Detailed Description
According to a first embodiment of the utility model, provide a sleeve pipe injection formula bimedium coupling jetting device:
a double-pipe-jet dual-media-coupled blowing device, the blowing device comprising: a mixing and directional blowing pipe 1; the mixing and directional blowing pipe 1 comprises an inner nozzle 101 and an outer cover nozzle 102; the outer cover spray pipe 102 covers the outer side of the inner spray pipe 101; the inner spray pipe 101 and the outer cover spray pipe 102 are horizontally arranged above a trolley of the sintering machine; a spray hole 103 is formed in one side, facing the trolley, of the inner spray pipe 101; a nozzle 104 is arranged on one side of the outer cover spray pipe 102 towards the trolley; the substances sprayed out from the spray holes 103 pass through the nozzles 104 and enter the sintering material layer; steam or fuel gas is introduced into the inner spray pipe 101; the outer cover spray pipe 102 is internally filled with gas or steam.
Preferably, the number A of the mixing and directional blowing pipes 1 is 2-100; the a mixing and directional blowing pipes 1 form a group of mixing and directional blowing pipe rows P1.
Preferably, the blowing device further includes: a steam branch pipe Z1, a steam main pipe Z2, a fuel gas branch pipe R1 and a fuel gas main pipe R2; the steam main pipe Z2 is arranged outside the sintering machine cover body; a branch steam pipe Z1 of a steam main pipe Z2 is communicated with the feed inlet of the inner spray pipe 101/the outer cover spray pipe 102; the fuel gas main pipe R2 is arranged outside the sintering machine cover body; the gas main pipe R2 branch gas branch pipe R1 is communicated with the feed inlet of the outer cover spray pipe 102/inner spray pipe 101.
This blowing device still includes: a branch pipe regulating valve 5; the branch regulating valve 5 is arranged on the steam branch pipe Z1 and/or the fuel gas branch pipe R1.
Preferably, the blowing device further includes: an internal-spraying booster pump 2; the inner spray booster pump 2 is arranged at the upstream of the feeding hole of the inner spray pipe 101.
Preferably, the blowing device further includes: an external-spraying booster pump 3; the outer-spraying booster pump 3 is arranged at the upstream of the feeding hole of the outer-cover spraying pipe 102.
Preferably, the mixing and directional blowing pipe 1 further comprises: a pressurizing nozzle 105, the pressurizing nozzle 105 being disposed at the nozzle hole 103.

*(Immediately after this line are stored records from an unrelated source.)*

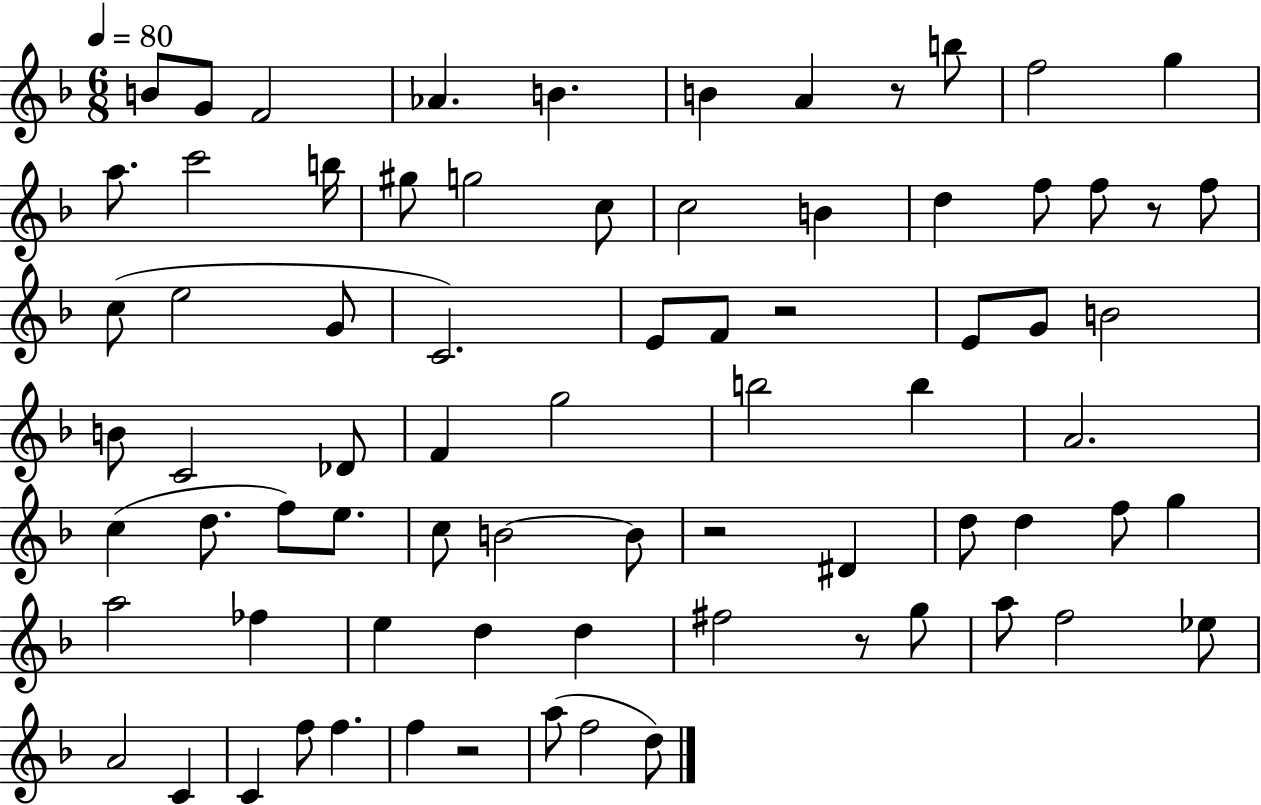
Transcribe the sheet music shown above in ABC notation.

X:1
T:Untitled
M:6/8
L:1/4
K:F
B/2 G/2 F2 _A B B A z/2 b/2 f2 g a/2 c'2 b/4 ^g/2 g2 c/2 c2 B d f/2 f/2 z/2 f/2 c/2 e2 G/2 C2 E/2 F/2 z2 E/2 G/2 B2 B/2 C2 _D/2 F g2 b2 b A2 c d/2 f/2 e/2 c/2 B2 B/2 z2 ^D d/2 d f/2 g a2 _f e d d ^f2 z/2 g/2 a/2 f2 _e/2 A2 C C f/2 f f z2 a/2 f2 d/2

Preferably, the blowing device further includes: a charge level CO detector 4; the charge level CO detector 4 is arranged on a sintering trolley, and a probe of the charge level CO detector 4 is positioned at a sintering material on the trolley.

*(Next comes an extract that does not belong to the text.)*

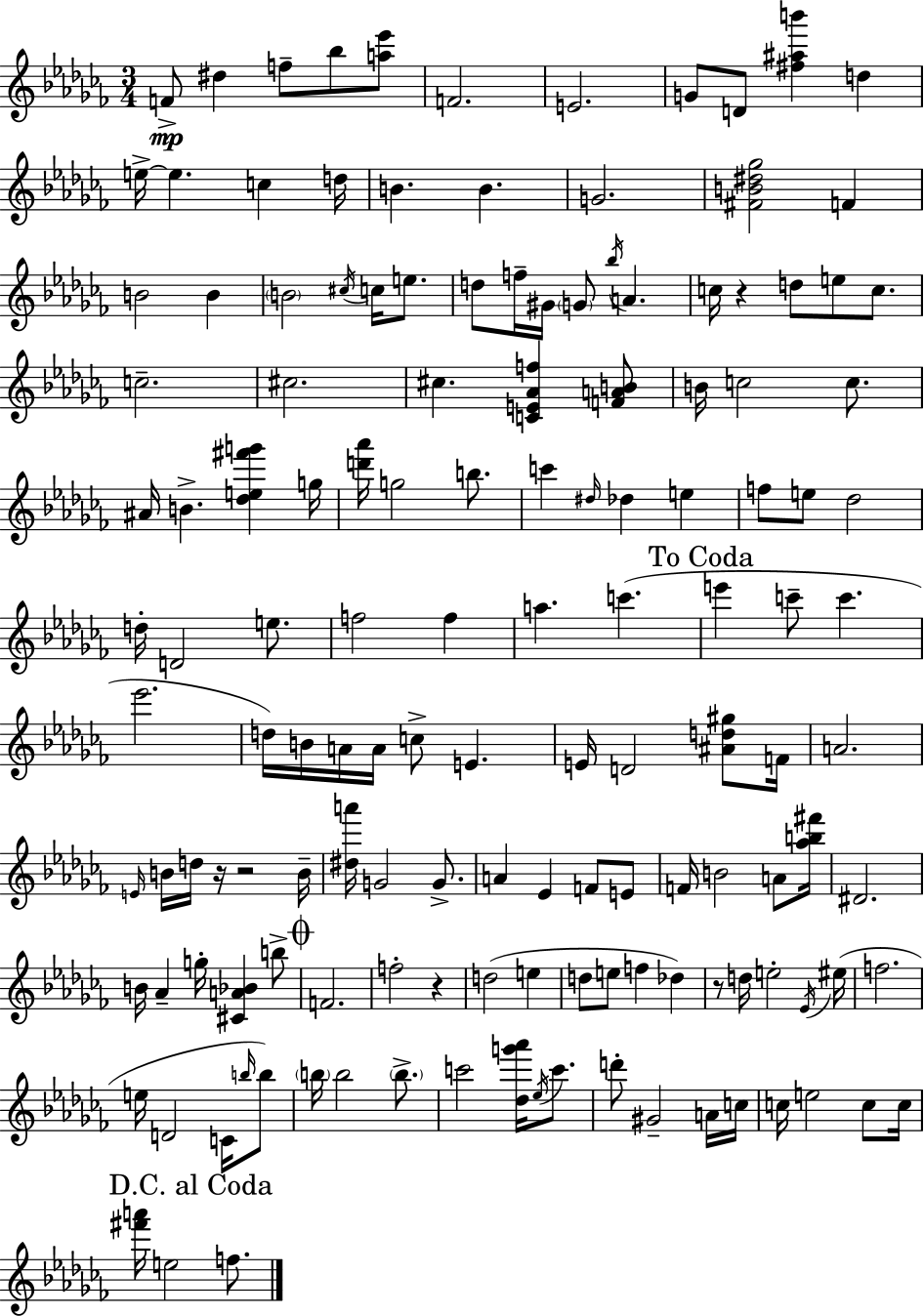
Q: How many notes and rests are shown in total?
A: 142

Preferably, the nozzle 104 is circular, and the nozzle hole 103 is located right above the nozzle 104 in the vertical direction.
Preferably, the nozzle 104 is rectangular, and the nozzle holes are arranged right above the nozzle in the vertical direction.
Preferably, the mixing and directional blowing pipe 1 further comprises: a mixed air area adjusting mechanism 106; the mixed air area adjusting mechanism 106 is arranged at the nozzle 104; the mixed air area adjusting mechanism 106 is used for adjusting the air outlet area at the nozzle 104.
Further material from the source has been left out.